Specifically, the effect of perceived behavioral control and behavior attitude on shared bicycle use behavior intention was significantly higher for males than females. This implies that male users’ behavior intention increased more drastically with increase in perceived behavioral control and behavior attitude than female users. The interaction effects are plotted in S1 Fig and S2 Fig.

In contrast, the effect of subjective norms on shared bicycle use behavior intention was significantly higher in females. This implies that female users’ behavior intention increased more drastically with the increase in subjective norms (S3 Fig).

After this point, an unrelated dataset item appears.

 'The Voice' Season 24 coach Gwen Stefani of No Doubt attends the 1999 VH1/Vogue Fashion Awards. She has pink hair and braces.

Furthermore, the effect of habits on shared bicycle use intention was significantly higher for females, while the effect of habits on shared bicycle use behavior was significantly higher in males. This implies that female users’ behavior intention increased more drastically with the increase in habits, and male users’ shared bicycle use behavior increased more drastically with the increase in habits (S4 Fig and S5 Fig).

Finally, the effect of shared bicycle use behavior intention on actual behavior was significantly higher in females. In other words, female users’ shared bicycle use behavior increased more drastically with the increase in behavior intention (S6 Fig).

Age differences

Age had a significant influence on shared bicycle use behavior intention and actual behavior (Table 7).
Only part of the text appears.